Yesterday’s L.A. Times ran an odd op-ed calling carbon taxes an ineffectual antidote to global warming. Unlike other critiques that brand carbon taxes politically unpalatable, this one argued that they’re simply not up to the job of cutting carbon emissions:
Carbon taxes — taxes on energy sources that emit carbon dioxide (CO2) — aren’t a bad idea. But they only work in some situations. Specifically, they do not work in the transportation sector, the source of a whopping 40% of California’s greenhouse gas emissions (and a third of U.S. emissions).
I’ve known Daniel Sperling, the author of the op-ed, for decades. As the long-time director of the Institute of Transportation Studies at UC Davis, Dan probably knows as much about automotive engineering as anyone in the world. What’s more, he’s conscientious, tireless, and concerned.
So why do I think he’s wrong about carbon taxes? Actually, Dan is part right, but his message is wrong. Let me explain.
It’s been clear for awhile that carbon taxes won’t make a huge dent in carbon emissions from gasoline — relative to their impact on the biggest source of U.S. carbon dioxide: coal-fired electricity generation.

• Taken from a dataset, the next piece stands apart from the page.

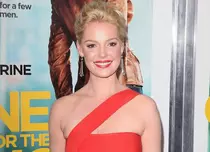 Katherine Heigl se relaxează la grătar cu vecinii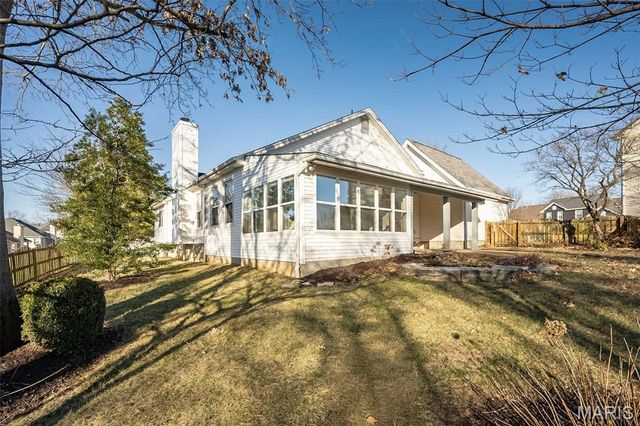 6843 Coffee Springs Drive S, St Louis, MO 63129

There are three reasons:
- Gasoline has less carbon per BTU than coal.
- Engines make better use of their BTUs than do power plants.
- Americans are less behaviorally sensitive to higher prices for gas than for electricity.
When we ran the numbers here at the Carbon Tax Center, we found out just how much gasoline would underperform while electricity overachieved under a level carbon tax. Using Colorado as a test case, we estimate that a statewide carbon tax would draw 60 percent of all of its carbon reductions from the electricity sector (which is responsible for 42-43 percent of that state’s CO2), but only 10 percent from gasoline (which accounts for 20 percent of emissions).
So we agree with Dan on some key facts. But we think he’s let his natural pessimism about price incentives (he’s an engineer, after all) run a bit amok.
For one thing, the low (10 percent or less) price-sensitivity for gasoline Dan cites (from his own UC Davis study) is short-run only. The long-run price-elasticity of gasoline demand is invariably much higher, since it can reflect long-term investment decisions — by households in buying more efficient vehicles, by automakers in designing and producing them, and by everyone in making location decisions that reduce driving.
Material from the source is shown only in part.